Saturday, 13 December 2008

True Blue Aussie Country


At 9.30 last night, P got a phone call to tell him there was a fire at the back of our property. That extra-bright, extra-big full moon must have inspired someone to extra-lunatic behaviour and they’d put a match to the dry grass on both sides of the road. So it was burning into our wheat stubble and into a pasture paddock on the other side, dangerously near to a neighbour’s house. Fortunately there wasn’t a breath of wind last night and the humid day had left a lot of moisture on the ground. Those who turned up to fight it were able to get it under control before too much harm was done.

It has always fascinated me that when something like this happens out here in the country, the whole neighbourhood turns up to help. These days the local volunteer fire-fighters are issued with protective clothing, but they’ve always done it, regardless of the danger. Some farmers have lost their lives fighting fires on others’ properties, but it deters no one.

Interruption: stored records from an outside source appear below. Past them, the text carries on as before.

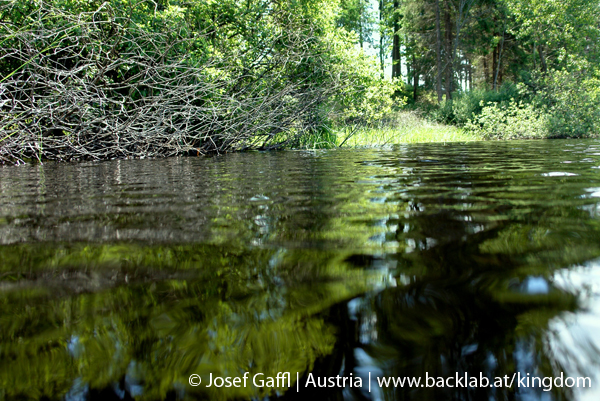 liebenau_rubener_teich-24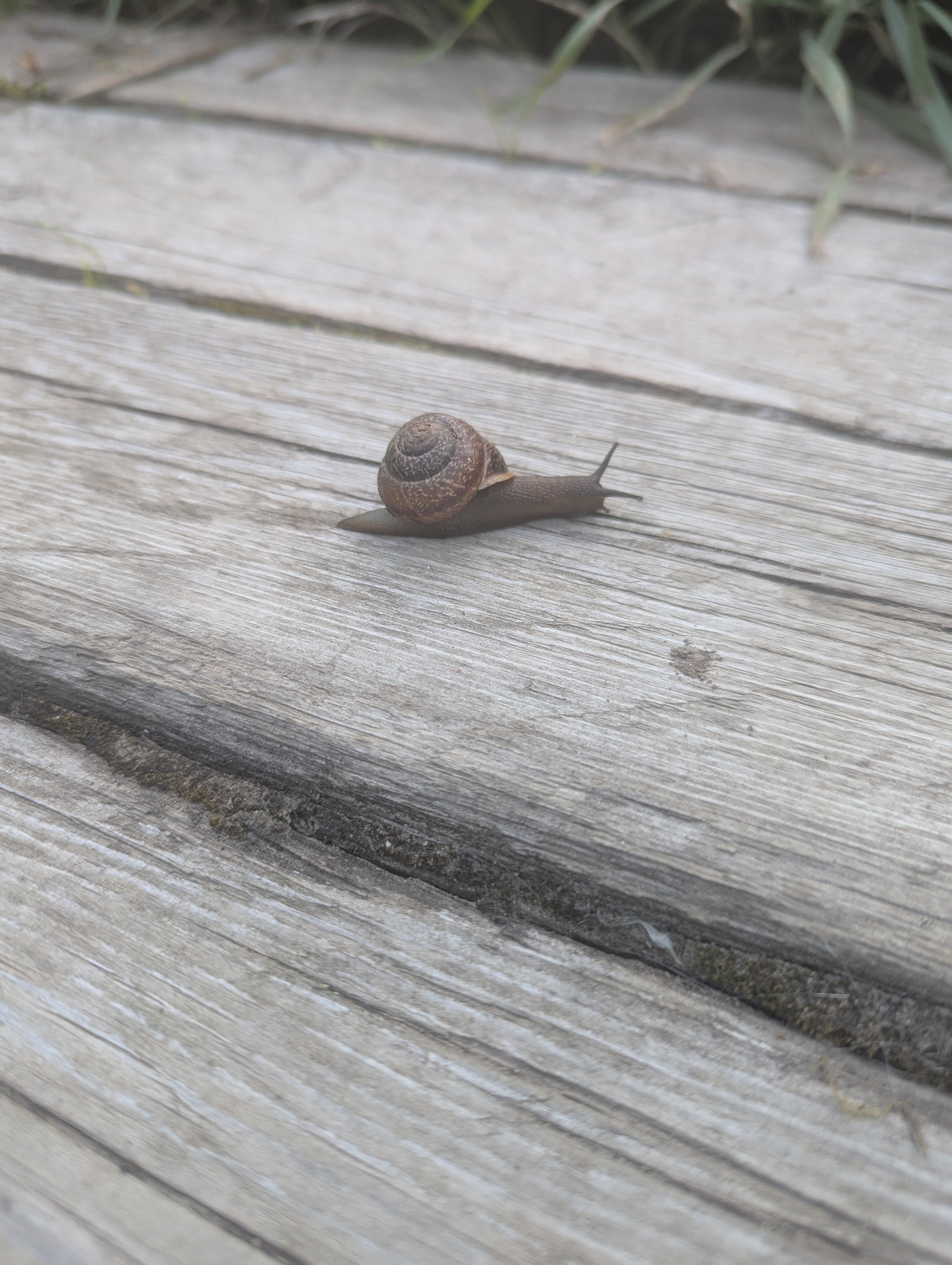 Фото Водлозеро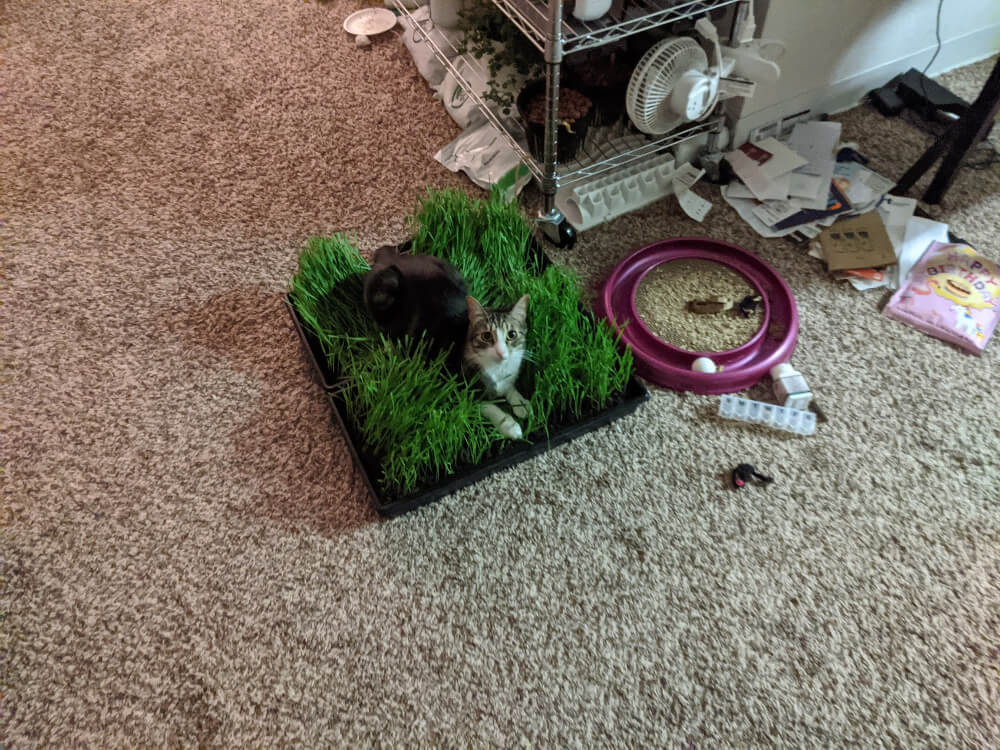 I grew wheat grass for valencio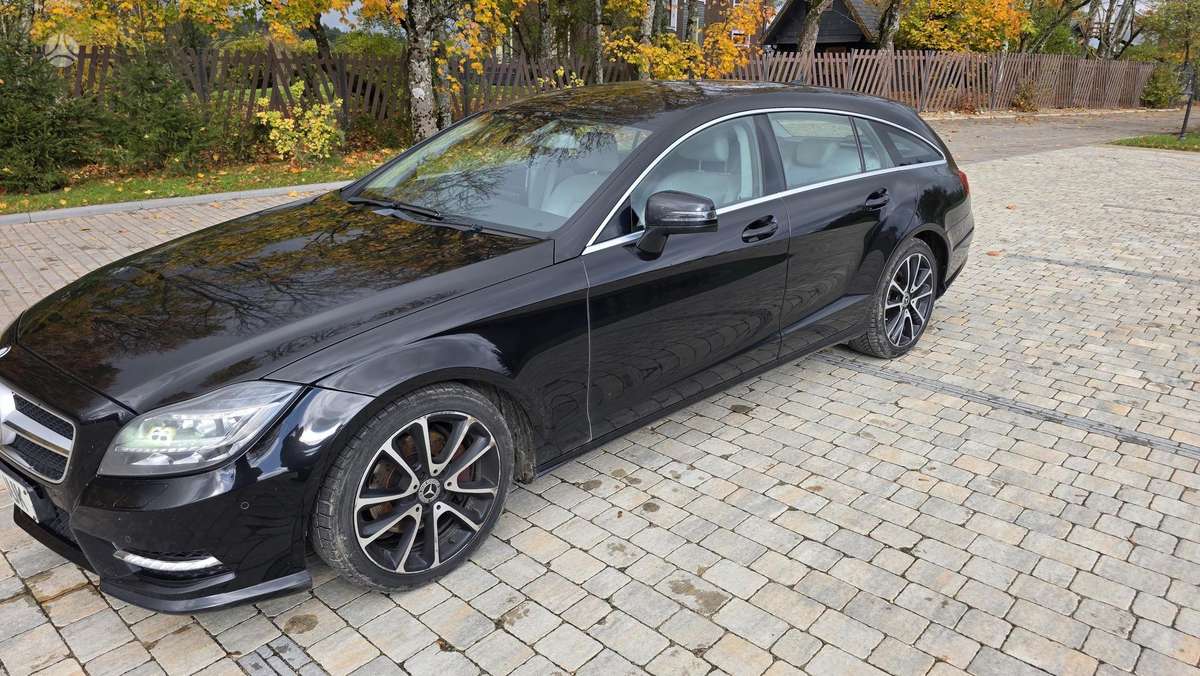 Mercedes-Benz CLS250 2014 — rear view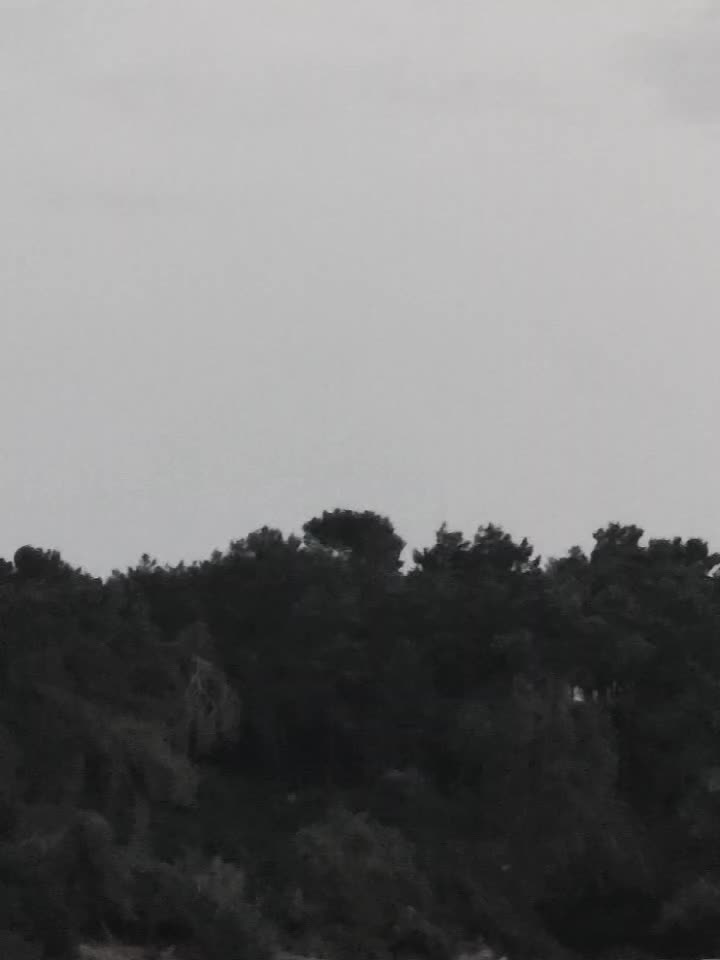 @bs şæŗðæŕ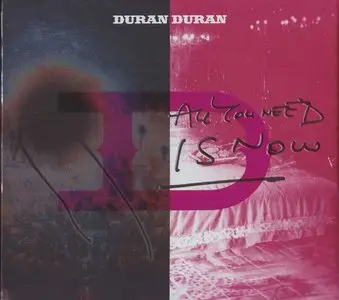 Duran Duran: Discography (1981-2011)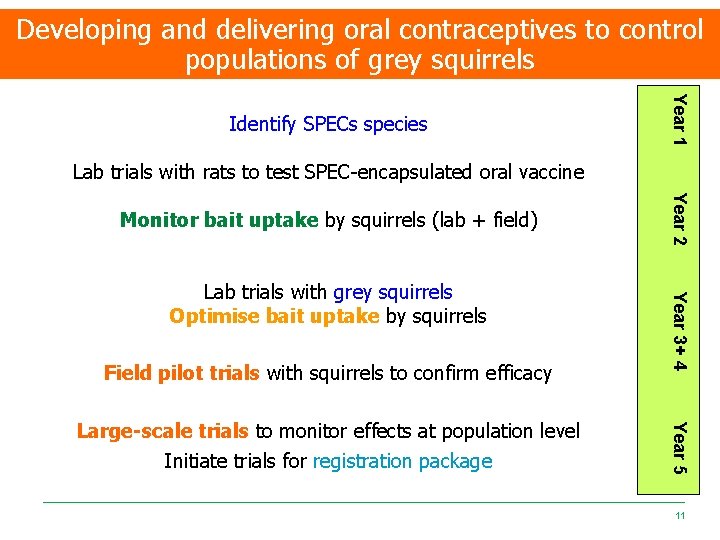 Developing and delivering oral contraceptives to control populations of grey squirrels Year 1 Identify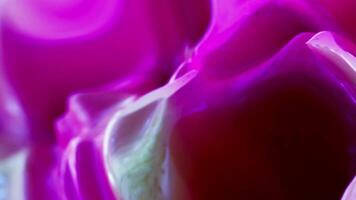 Abstract pink tulip with swirls and swirls video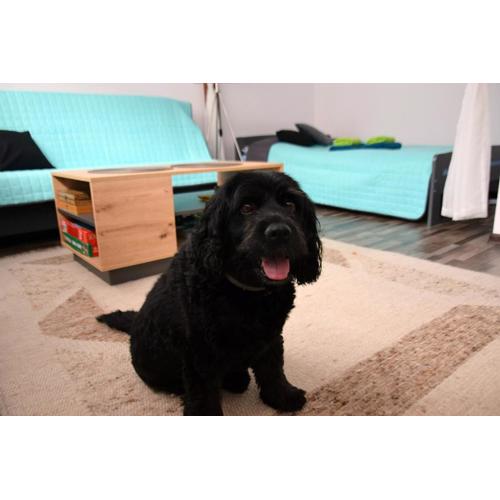 Apartament Górnicza w Kowarach
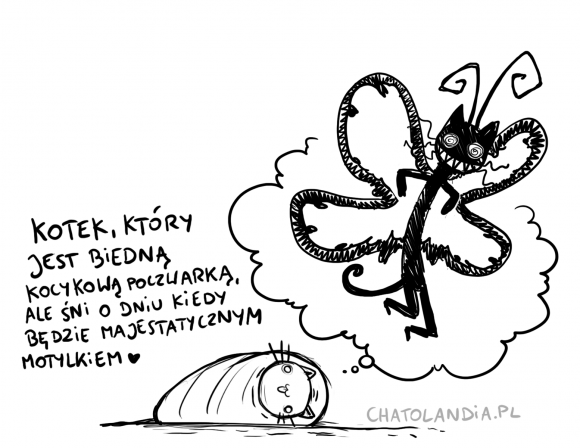 depreskoty motylek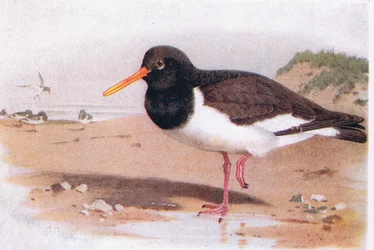 Apanhador de ostras, de aves das ilhas britânicas e seus ovos publicado por Frederick Warne & Co Ltd, 1958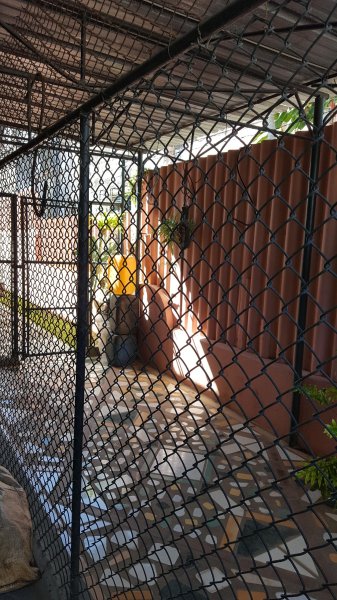 Detached House with 5 bedrooms for exchange in Miramar, Playa, La Habana - 18
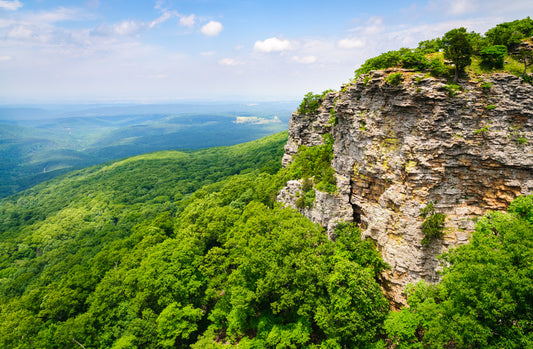 Discovering Arkansas: The Origins of "The Natural State"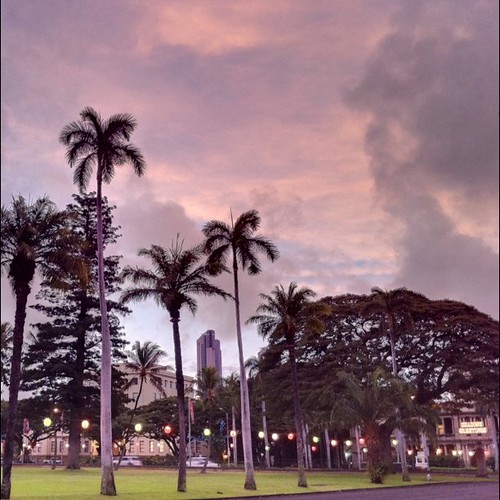 pink favorite usa tree mobile sunrise square hawaii king phone unitedstates oahu favorites kingdom palace palm queen capitol palmtree squareformat honolulu hdr monarchy territory territorial iphone seasonsgreetings bsquare iolani 111v1f iolanipalace insta nationalcapitol territorialcapitol iphone4 truehdr iphoneography instatag instagram instagramapp uploaded:by=instagram foursquare:venue=230817 geotaggedhawaii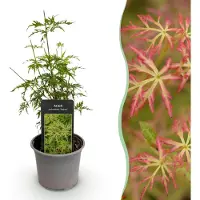 Green Boutiq - Tuinplant - Acer palmatum Seiryu - Groen 1 Plant - Bladverliezend - Weinig Onderhoud - Pot 12cm Hoogte 35cm
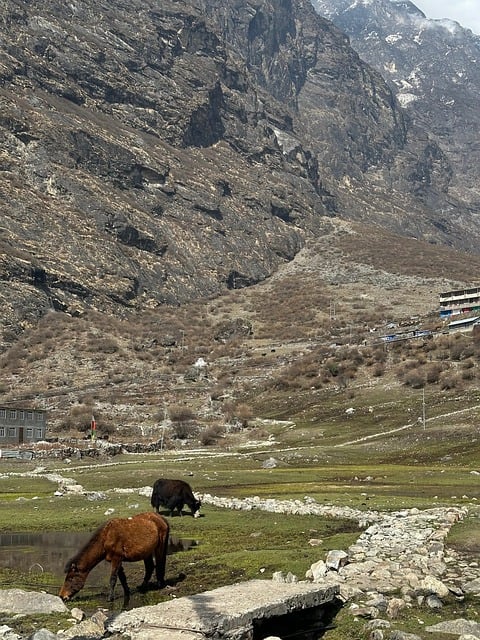 Free Mountains Nepal photo and picture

When Eldest was little, a spark from a power line set fire to the paddock just across the creek from our house. That day the wind was raging and the fire shot down the hill into the nearly dry creek and the trees along the banks. Within minutes, about thirty farmers had turned up with their water tanks on the back of their utes. Again, they managed to get it out before it did too much damage.

It’s not just fire fighting that rallies them either. A couple of years ago, P’s dad, well into his seventies, fell from the back of the header whilst trying to tighten a belt. He broke some ribs and was quite ill for a long time afterwards. P was suffering at that stage from untreated anxiety attacks and depression and seeing his father age ten years like that nearly sent him over the edge. He found it really difficult to get back to the task of harvesting on his own. Then in rolled a neighbour with his big green header, twice the size of the one we had. He took off the rest of the crop in a third of the time it would have taken P, while P took on the less stressful role of driving the truck to the bins. We payed him, of course, but the fact remains that he had finished his own harvest and faced the prospect of a couple of week’s relative relaxation before Christmas, but he gave it up to help a neighbour out. True country spirit.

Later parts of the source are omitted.